Navigating a Hospital Stay, Are You Getting the Help You Need?

Are you getting the help you need?  Navigating our health care system is, let's just say, nearly impossible.   Many people, especially older adults, don't even know if they are getting all the help they need or is available before, during or after a hospitalization.  Why is this such a well kept secret in our health care system?

Seems to me that the more knowledge and assistance you give someone the more likely it will be that they do not end up right back in the emergency room, constantly repeating the near same scenario over and over again.  It does not take a degree in economics to see that the system would be able to keep costs down considerably by giving more priority to this very simple element of health care.  Instead this system leads you to think that it is complete ignorance on our part that keeps costs so high when it appears to me that there is just entirely too many special interests involved in the treatment of sick people.

Every time that I experience, first hand, just how difficult moving through the labyrinth of our health care system is, I am left to wonder how in the world do families that do not have a medical professional as part of their family ever get anywhere.  The education of people should be of top priority, especially during a hospitalization, yet it always feels like the patient and family are left in the dark.   WHY?
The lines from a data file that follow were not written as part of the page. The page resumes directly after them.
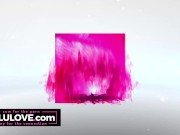 Babe letting her boobs breathe with bra up during behind porn scenes podcast about naked class she teaches - Lelu Love 2/16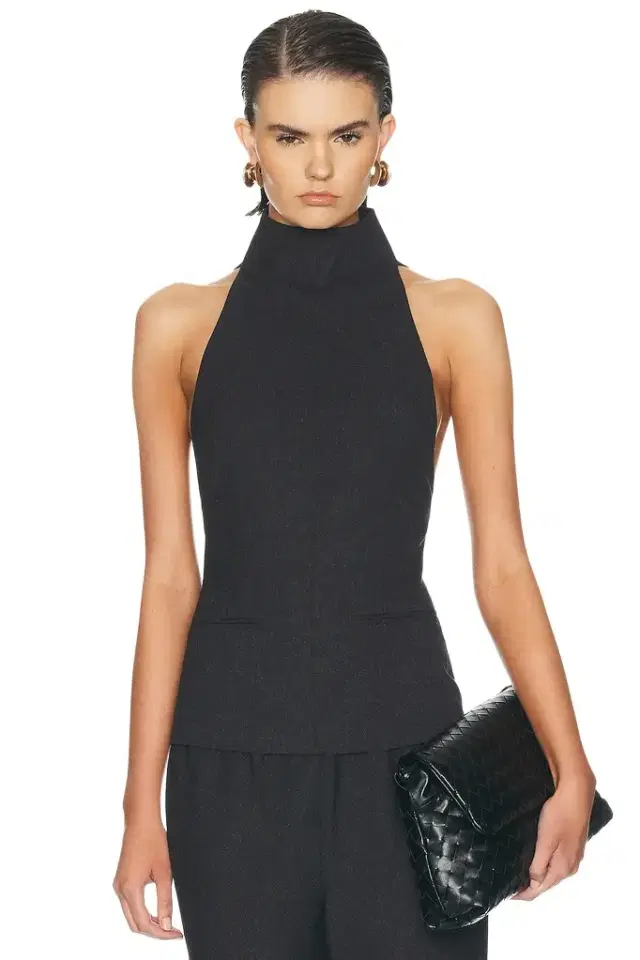 EAVES Keldan Classic Suiting Vest Top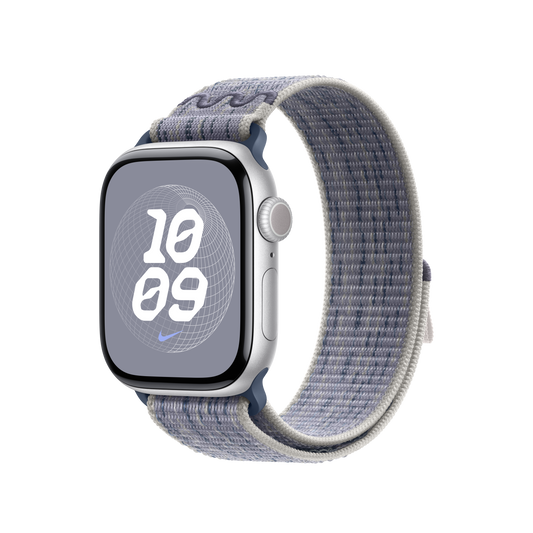 Apple Watch 38/40/41/42mm šedo-modrý provlékací sportovní řemínek Nike - iSTYLE CZ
As I write, my father lies in a hospital slowly recovering from a bowel obstruction. This is the 4th, yeah that is right, the 4th hospital that he has been over the last month.   Due to preexisting difficulties with advanced chronic obstructive pulmonary disease (COPD), the proper treatment for the bowel obstruction was delayed for far too long.  We started the first week at a local community hospital that either was not permitted to refer us to a larger hospital or just simply did not consider it.  Had it not been because of persistence of the family and a family member with a medical education, my father probably would not be with us at all.  After requesting that he be transferred to a larger teaching hospital with the ability to give him the help he needed we were told by the physician that he feels that would be the best plan and my father was moved within hours and just hours after being admitted to that larger facility with more advanced technology he received the surgery he needed.  He remained at this hospital for three weeks making slow improvements everyday with a few set backs.  He was finally strong enough to be transferred to a rehabilitation hospital at which he stayed for all of 12 hours before they sent him to yet another local community hospital because his oxygen levels were low.
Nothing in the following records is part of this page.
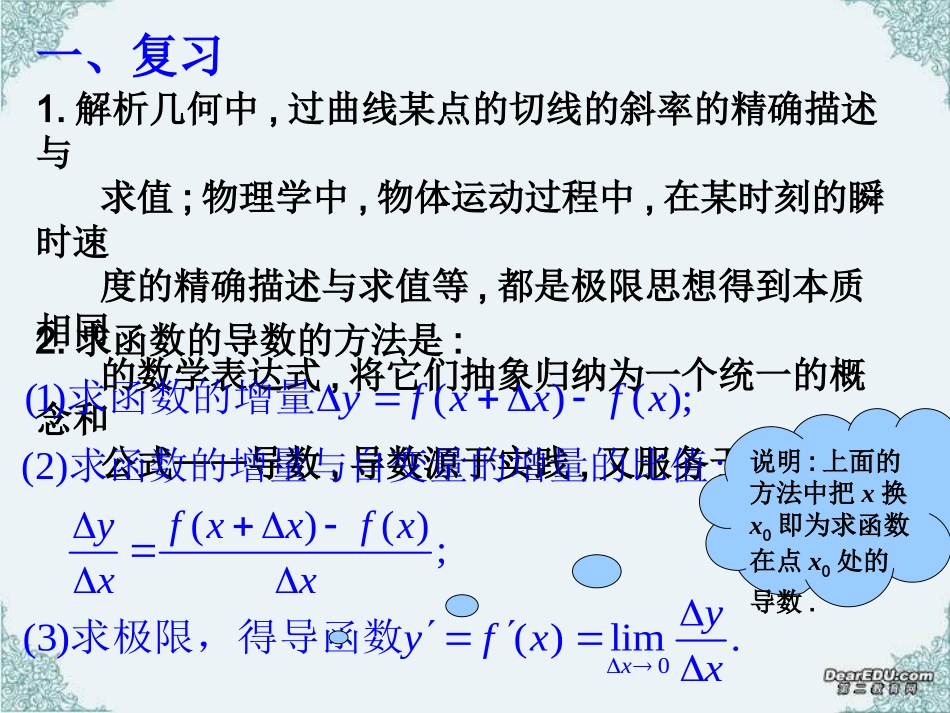 1.2.1几个常见函数的导数-(3)_第2页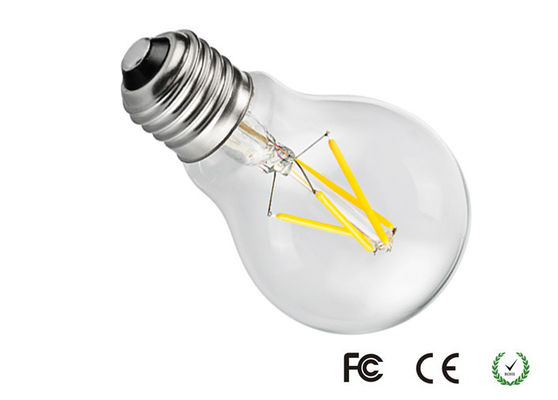 E26 4W A60 3000K Eski Stil Filament Lambaları Kısılabilir 60 * 108mm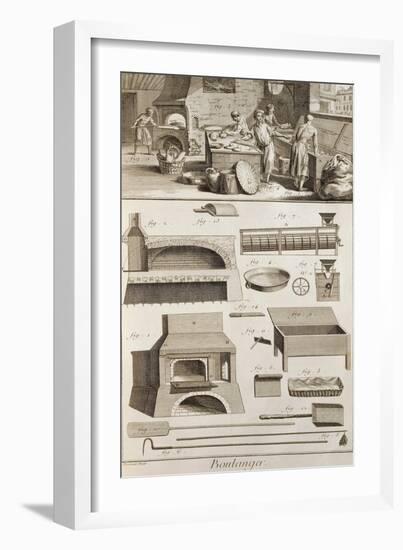 Plate Showing Bakers-null-Framed Giclee Print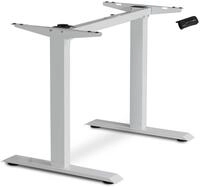 ESMART Germany ETX-121G Grau - Ergonomisches Steh-Sitz-Schreibtisch-Gestell Stufenlos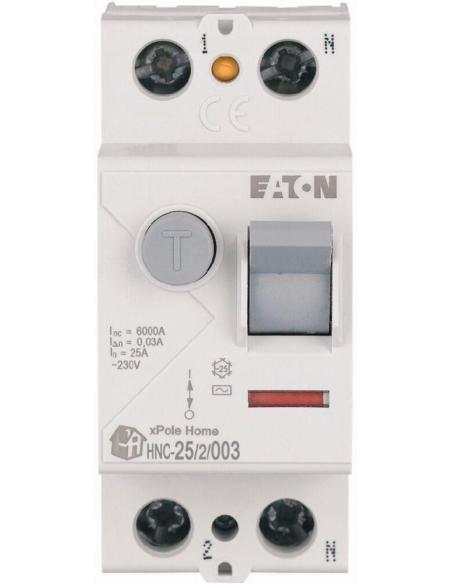 EATON WYŁĄCZNIK RÓŻNICOWOPRĄDOWY 25A 2P 2M 30MA AC 6KA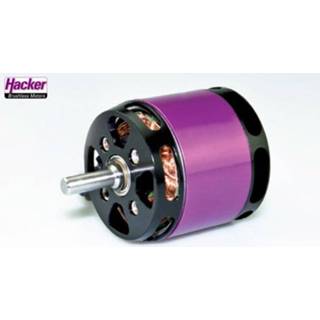 👉 Elektromotor Brushless voor vliegtuigen A50-16 S V4 Hacker kV (rpm/volt): 365 Aantal windingen (turns): 16 4250320249108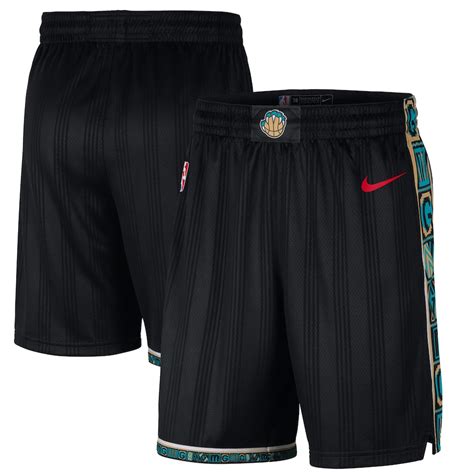 Men's Nike Black Memphis Grizzlies 2020/21 City Edition Swingman Shorts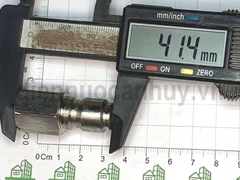 Khớp nối nhanh rửa xe đầu đực ren 17 đầu to 14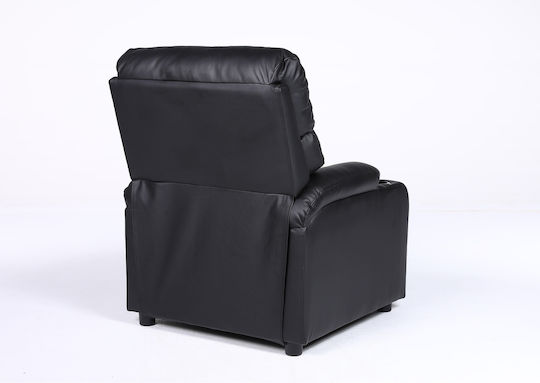 Rana Fotoliu Relax din Piele Ecologică Negru 80x95x103cm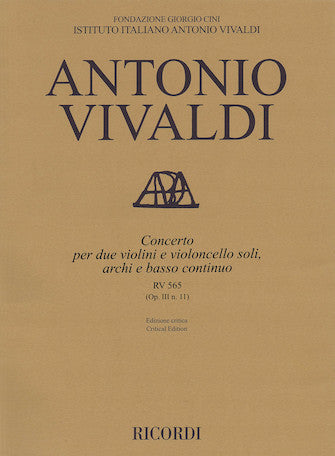 Vivaldi: L'Estro Armonico, RV 565, Op. 3, No. 11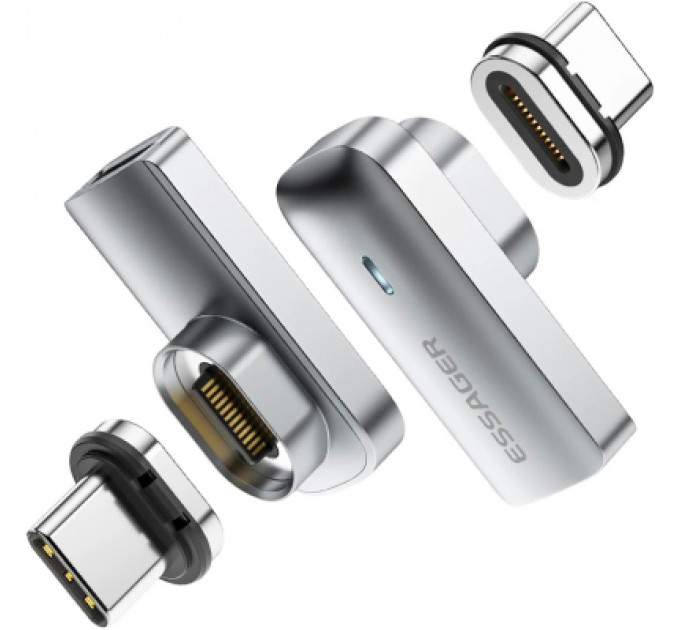 Essager Перехідник USB-C magnetic 20Gbps 4K 90° corner Essager (EZJCX-RJ0G)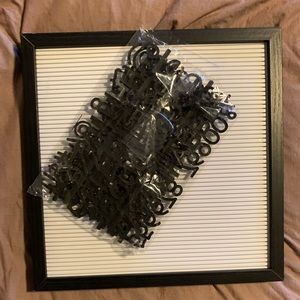 Letter board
The frustration the I feel about the systems within healthcare are mind blowing.  Many things run through my mind in the care of my father.
  1. Why did the rehabilitation hospital not call a family member when his oxygen levels became low? To at least give us the option to say: "Please send him back to the facility he just came from".
  2. Why did the current hospital that he is in right now not contact the previous hospital that he just spent 3 weeks at to obtain his records?
  3. Did my father miss doses of his medications when he transferred from one facility to the next?  This very fact alone may have been what caused his oxygen levels to drop...
  4. Where is he going to go from here?
The common denominator in every question that goes through my head is communication and why is it so poor in our healthcare system?  In this day and age there is no excuse for it!  If I can know with in seconds what my cousin on the other side of the country is eating for dinner right now and even see pictures of it through social media then we should be able to send communications just as quickly about things that truly matter in the care of a persons life.

Not only would some real attention to this aspect of healthcare improve the continuity of a patients' care but it would also help to keep the cost of health care down.  Blood test results, x-ray reports, CT scan reports, MRI reports, medication records, patient allergies, assessments, therapy notes, specialists reports, etc. all at your fingertips thus preventing unnecessary repeat testing.
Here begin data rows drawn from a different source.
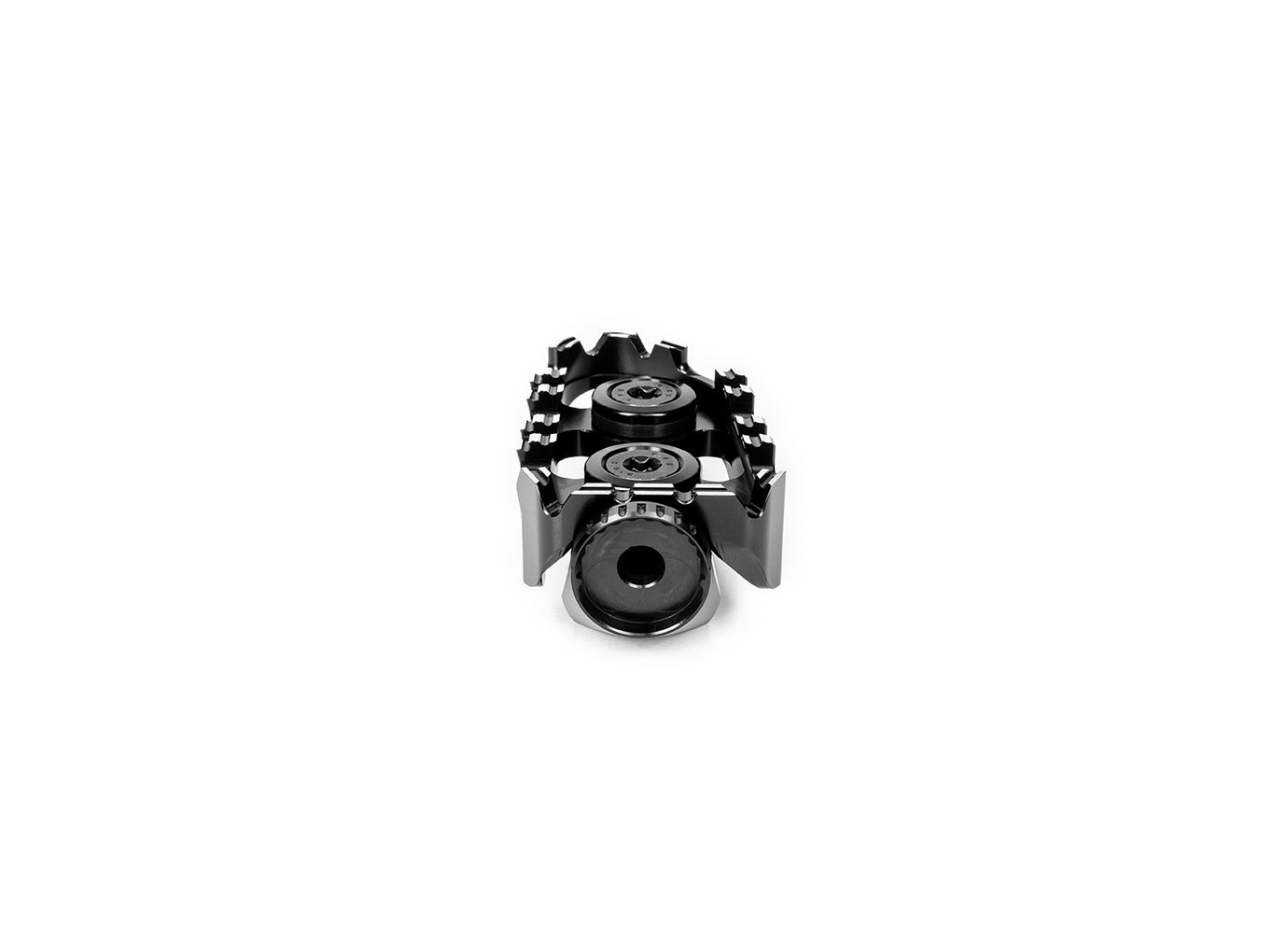 Gilles TECH-X Enduro Footrests in black with ABE for KTM 790 / 890 / 1290 Adventure and Husqvarna Norden 901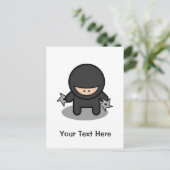 Ninja Skillz Briefkaart (Staand voorkant)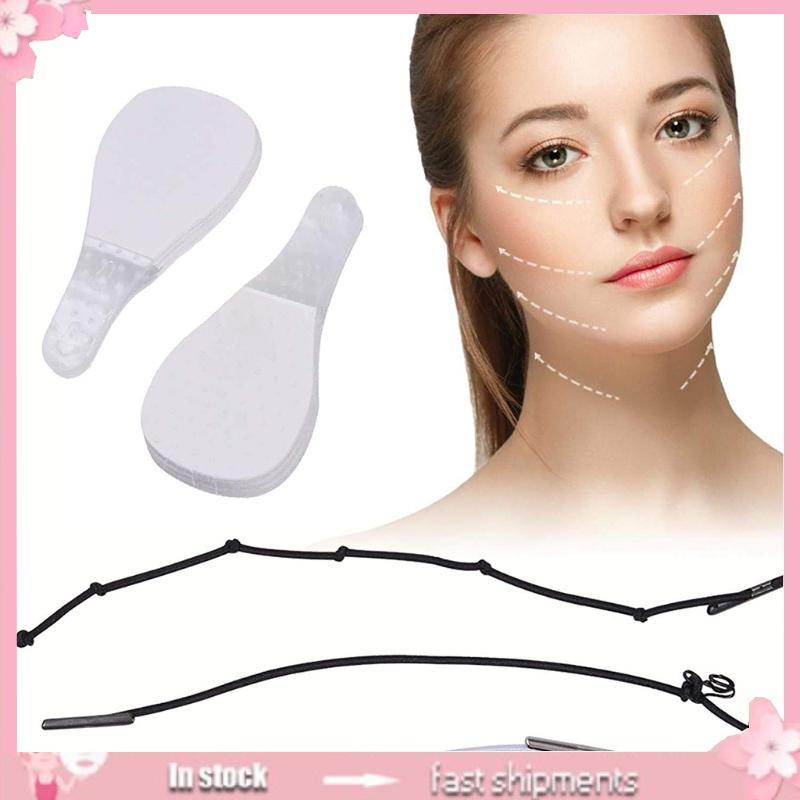 YOI 40 Bộ Băng Nâng Mặt Tức Thì Cổ Chữ V Hình Miếng Dán Chống Nhăn Dụng Cụ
I spend a portion of each day talking to someone at the hospital, whichever one he may be in, about the care of my father.  Whether it be his social worker, care coordinator, nurse, surgeon or physician I am constantly seeking information about what they are doing to help my father,  what the next steps are going to be and what he needs to be doing to get there.  If I would not be pursuing the information, we would be in the dark.  I hate the dark, don't you!

Learning how to navigate our health care system is essential to Aging with Ease!